NIST SP 800-171 defines its protective scope through the CUI Registry administered by the National Archives and Records Administration (NARA). CUI is government-created or government-controlled information that requires safeguarding under law, regulation, or government-wide policy — but is not classified under Executive Order 13526. The distinction matters: classified information is governed by intelligence community directives, while CUI occupies a middle tier of sensitivity covering categories such as export-controlled technical data, law enforcement sensitive information, privacy-act-protected records, and controlled technical information (CTI) associated with defense contracts.
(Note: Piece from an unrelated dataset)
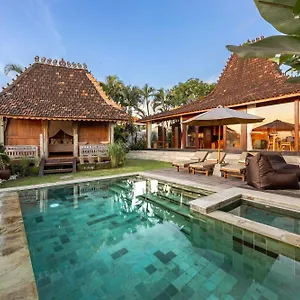 Charming 2br Wooden With Lush Garden Oasis By Santi Management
The standard applies when a federal contract, grant, or other agreement includes a requirement to handle CUI. The Defense Federal Acquisition Regulation Supplement (DFARS) clause 252.204-7012 is the primary contractual vehicle that triggers SP 800-171 obligations for defense contractors (DFARS 252.204-7012, ecfr.gov). Non-defense agencies increasingly reference the standard through their own acquisition supplements and inter-agency agreements.

The geographic and organizational scope is broad: any nonfederal system that touches CUI must conform, regardless of whether the organization is a prime contractor, a sub-tier supplier, a university research department, or a cloud service provider processing federal data. The standard does not apply to federal information systems — those fall under the Federal Information Security Modernization Act (FISMA) and NIST SP 800-53 directly.


Core mechanics or structure

SP 800-171 Revision 3, published by NIST in May 2024, organizes its requirements into 17 control families drawn from a subset of NIST SP 800-53 controls tailored for nonfederal environments. The 17 families encompass 110 security requirements in Revision 2; Revision 3 restructured these into organization-defined parameters and added 3 new families for a total of 20 families (NIST SP 800-171r3, csrc.nist.gov).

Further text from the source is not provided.